Il s’agit effectivement d’une plaie encore ouverte, car de nombreuses années ont passé depuis que ces événements terribles se sont déroulés. Je ne sais pas si un jour nous saurons la vérité au sujet de cette affaire. Israël a délégué un ambassadeur spécialement chargé de la question, qui s’est déjà rendu plusieurs fois en Russie pour tenter de convaincre les autorités d’ouvrir leurs archives à ce sujet, mais pour l’instant sans succès. Ici, à l’ambassade, nous sommes en contact très proche avec Mme Nina Lagergren, la sœur de Raoul Wallenberg, qui dirige le Comité suédois pour que cette tragédie humaine soit enfin résolue.
Un ambassadeur d’Israël n’est jamais uniquement délégué auprès du pays où il est accrédité, il est aussi l’envoyé d’Israël auprès de la Communauté juive de cet État. Quels sont vos liens avec la société juive suédoise ?
J’entretiens une relation proche et suivie avec la communauté juive d’ici, qui est très active et dynamique. Je vais à la synagogue tous les jours et suis donc en liaison directe avec ce qui se passe dans la vie juive de Stockholm. Je me suis bien entendu rendu dans toutes les autres villes de Suède où il y a des communautés juives, et à Göteborg, j’ai rencontré un envoyé de Habad-Loubavitch qui, dans des circonstances très difficiles, mène une vie juive strictement en conformité avec la Halakha; il a même ouvert une école juive avec vingt enfants… dont neuf ou dix sont les siens.

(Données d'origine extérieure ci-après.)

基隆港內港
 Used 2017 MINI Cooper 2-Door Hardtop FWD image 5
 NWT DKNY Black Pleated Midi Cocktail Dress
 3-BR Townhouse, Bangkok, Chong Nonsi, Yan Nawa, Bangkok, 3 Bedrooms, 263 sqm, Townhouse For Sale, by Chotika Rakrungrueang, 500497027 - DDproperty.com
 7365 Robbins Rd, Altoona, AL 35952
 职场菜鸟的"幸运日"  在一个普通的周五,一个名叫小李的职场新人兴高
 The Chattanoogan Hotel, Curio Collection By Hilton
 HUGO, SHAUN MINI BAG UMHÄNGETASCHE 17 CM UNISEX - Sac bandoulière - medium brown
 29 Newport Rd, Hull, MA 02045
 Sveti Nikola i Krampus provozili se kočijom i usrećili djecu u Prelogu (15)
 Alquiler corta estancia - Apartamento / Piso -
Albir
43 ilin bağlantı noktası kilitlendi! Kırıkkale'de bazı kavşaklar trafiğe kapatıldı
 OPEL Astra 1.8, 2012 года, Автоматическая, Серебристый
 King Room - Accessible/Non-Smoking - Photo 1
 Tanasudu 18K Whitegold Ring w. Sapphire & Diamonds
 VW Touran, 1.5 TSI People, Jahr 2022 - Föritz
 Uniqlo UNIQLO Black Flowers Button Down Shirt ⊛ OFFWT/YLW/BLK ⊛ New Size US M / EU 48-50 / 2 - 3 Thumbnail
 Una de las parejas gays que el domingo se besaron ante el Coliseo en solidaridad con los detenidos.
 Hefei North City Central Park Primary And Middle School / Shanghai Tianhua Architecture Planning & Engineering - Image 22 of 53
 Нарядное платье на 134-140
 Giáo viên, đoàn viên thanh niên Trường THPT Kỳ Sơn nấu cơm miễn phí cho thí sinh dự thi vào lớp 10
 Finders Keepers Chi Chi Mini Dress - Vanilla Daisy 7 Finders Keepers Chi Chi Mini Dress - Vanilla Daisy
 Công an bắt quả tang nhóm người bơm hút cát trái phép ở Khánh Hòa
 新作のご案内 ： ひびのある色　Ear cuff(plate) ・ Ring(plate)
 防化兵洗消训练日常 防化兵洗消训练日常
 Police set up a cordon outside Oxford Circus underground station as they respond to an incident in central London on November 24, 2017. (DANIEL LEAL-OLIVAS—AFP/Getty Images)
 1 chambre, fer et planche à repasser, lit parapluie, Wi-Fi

Je profite de mes visites aux communautés juives pour promouvoir l’image d’Israël et partout, je rencontre les gouverneurs, les maires, le clergé et les rédacteurs des journaux locaux.
Dans le cadre de mes activités, outre le traitement des questions bilatérales quotidiennes, je mets également l’accent sur la promotion des échanges culturels entre nos deux pays.
Comment évaluez-vous l’antisémitisme en Suède où il existe un mouvement néo-nazi assez important ?
Bien entendu, nous travaillons avec les autorités pour les combattre et je sais de source sûre qu’ils sont sous la stricte surveillance de la police. Personnellement, je multiplie les contacts avec les églises et le Ministère de l’Éducation pour qu’un vaste programme pédagogique sur la Shoa, sur le racisme et l’antisémitisme en général soit diffusé dans les écoles et dans la presse.
Comment voyez-vous l’évolution des relations entre Israël et la Suède ?
Ce pays vit actuellement une période de transition due à son entrée dans la Communauté européenne et au fait qu’il désire maintenir une certaine indépendance nationale. De plus, la Suède estime avoir une responsabilité toute particulière à l’égard des républiques Baltes qui représentent, pour elle, une sorte de zone de protection face à la Russie. Tous ces éléments font que la Suède est intéressée à renforcer ses liens avec nous tant sur les plans politique et économique que dans d’autres domaines plus spécifiques.